On 14.5.2013 6:55, Viktor Dukhovni wrote:
If you throw in more resources for everyone, the bad guys are gonna
claim it sooner or later. You have to make sure you give it only to
the good guys, which is the same as giving less to the bad guys in
the first place. No need to throw in yet more additional resources
on demand.
We don't know who the "good guys" are and who the "bad guys" are.
Exactly. That's the problem. And all we can do is either try to detect
them, or merely guess.
You try to detect them, by initiating the request and measuring how long
it takes. No matter what exactly the test is, that means allocating some
resources for each such test (giving away). However, unless you are
willing to tear down the connection if it doesn't complete on time
(taking away), the resource is wasted until the test completes. And the
bad guys will eventually take it all. Therefore, you have merely moved
the bottleneck elsewhere - instead of competing for the delivery agents,
they compete for the bad/good guy test resources.
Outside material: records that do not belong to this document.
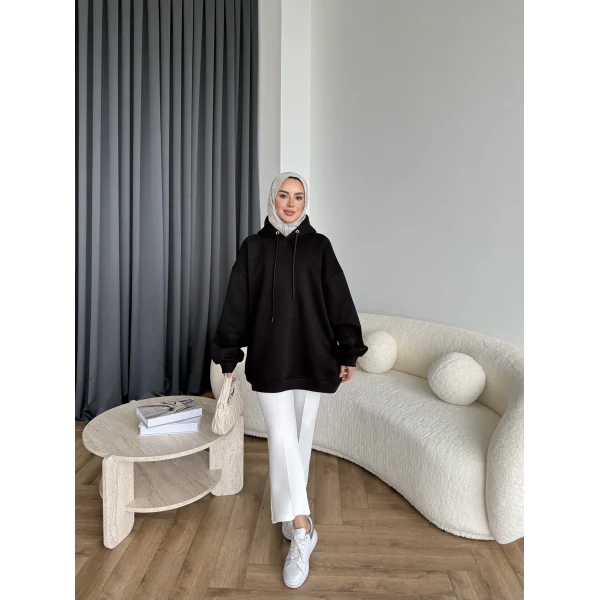 Kolu Piliseli 3 İplik Sweat - Siyah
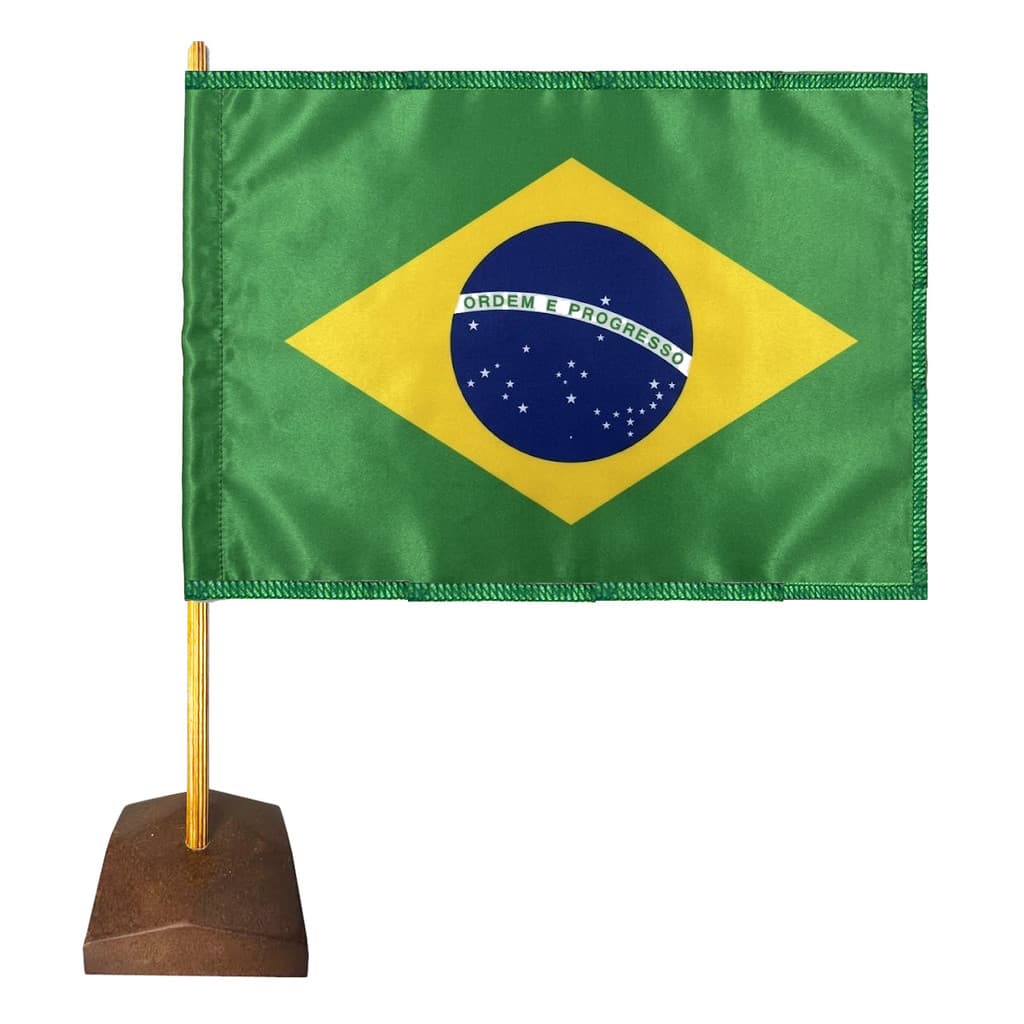 Bandeira de Mesa do Brasil Myflag Pedestal Madeira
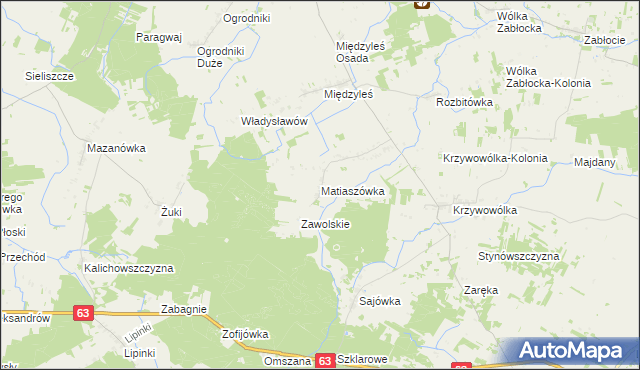 mapa Matiaszówka, Matiaszówka na mapie Targeo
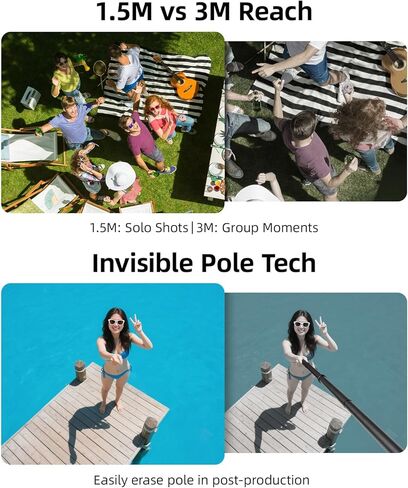 3M Selfie Stick لـ Insta360 x5 x4 ، 118 بوصة من ألياف الكربون غير المرئية عمود تمديد طويل للغاية لـ Insta 360 One x5 x4 x3 × 2 روبية ، لملحقات DJI Osmo 360 (مع محول Go Pro ، حقيبة التخزين) in Saudi Arabia
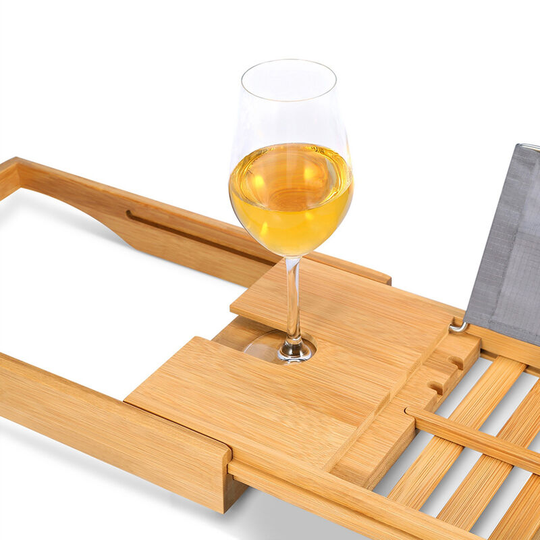 Szyb - Bamboo Bathtub Caddy no slip Bath Tub Tray with Extending Sides and Soap Holder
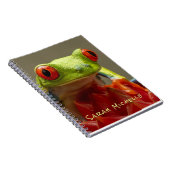 Green Frog Red Eyes写真パーソナライズされた ノートブック (右側)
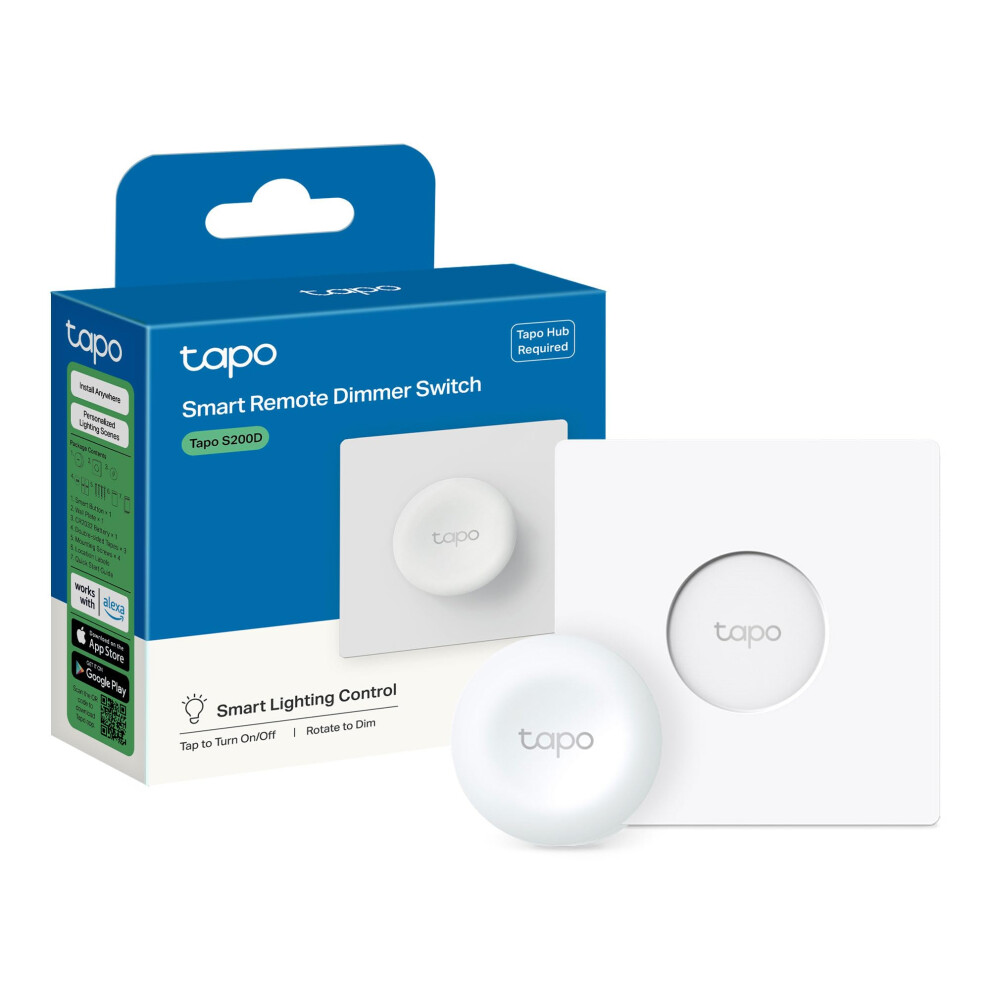 Photos - Household Switch TP-LINK Tapo S200D Smart Wireless Remote Dimmer Switch, Multiple Locations Control, Customized Actions, Battery Included, Flexible M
The fact that they are the same resourcein what you describe makes no
difference.
Therefore, I say the guess is the best what we have got. All we have to
focus on is to make sure it doesn't backfire if we mis-classify someone.
And what I proposed (solutions 1 and 3) and now repeat below does not,
AFAICT.
And that's also why it is important to classify ahead of time, as
once you give something away, it's hard to take it back.
There is no "giving away" to maintain throughput, high latency
tasks warrant higher concurrency, such concurrency is cheap since
the delivery agents spend most of their time just sitting there
waiting.
You say it's cheap. I believe it is in your environment, as well as it
is in mine and in many others. However, I believe that no one is willing
to pay for more RAM every month for their cloud servers, just so they
can dedicate it for dealing with mail that never gets delivered. That
seems like total waste of money. Especially if there is another solution
which works with fixed resources at hand.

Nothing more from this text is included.